Und ein weiteres, persönliches Fazit kann ich aus dieser Geschichte um eine Geschichte für mich ziehen: Man - in diesem speziellen Fall also ich - ist anfällig für PR-Poesie, wenn sie einem erzählt, was man gerne hört. Man glaubt, was man glauben will. Ich persönlich war nun immer, lange vor Parfumo, neugierig auf historische Parfumkunst, fragte mich, wie Düfte damals wohl gerochen haben.
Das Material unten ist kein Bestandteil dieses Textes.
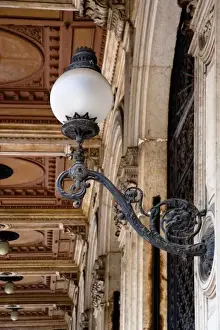 Emilia Romagna Prints: Bologna, Emilia-Romagna, Italy - An ornate lamp is mounted on a building wall. Decorative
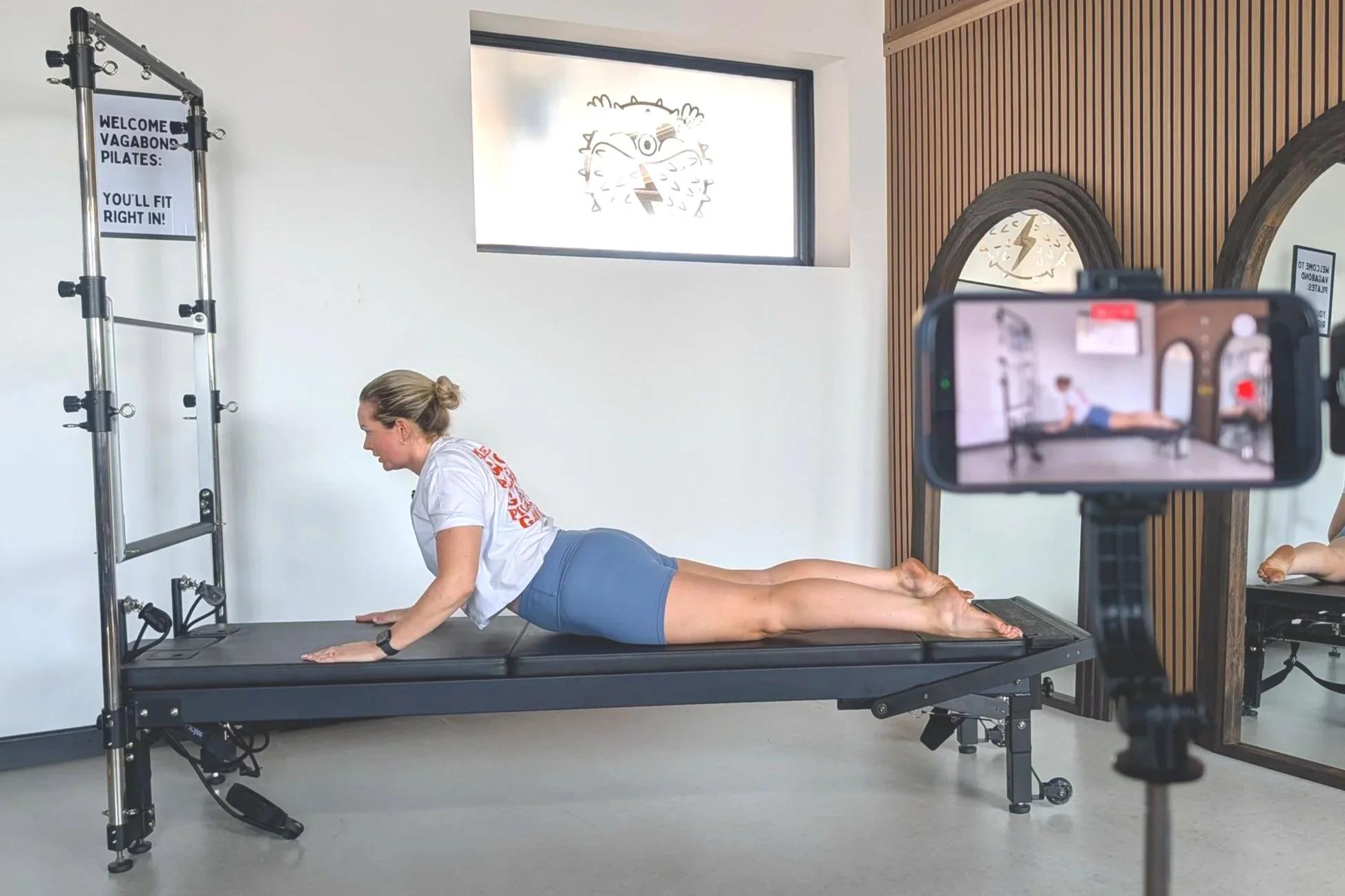 A woman performing a plank exercise on a Pilates reformer machine in a fitness studio, with a man filming her using a camera on a tripod.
Da traf ein derart mit Geschichte aufgeladenes Parfum natürlich ins Schwarze. Lügen ist ja an sich etwas Schlechtes, aber es gibt moralische Motive, mit denen es sich rechtfertigen lässt. Vielleicht war das Haus creed in einer Krise und brauchte das Geld, was weiß ich. Am Duft ändert das freilich nichts, der hat sich als historisches Kostüm für einen Werbelauf herausgestellt, als antiquiertes Ungetüm, das in der Zeit, aus der es zu sein vorgibt, so oder so ähnlich vielleicht nie existiert hat. Aber noch einmal wage ich mich nicht mit historischen Diagnosen vor...

PS: Danke an Jifat für die großzügige Probeabfüllung.

PPS: Mit der Bewertung gehe ich nach reiflicher Überlegung und da der angesprochene Bonus wegfällt runter auf 20 %.

Und noch ein Postskriptum: Den letzten Absatz vor dem Fazit habe ich später hinzugefügt, die Duftbeschreibung kam bei meiner empörung über Creed zu kurz;-).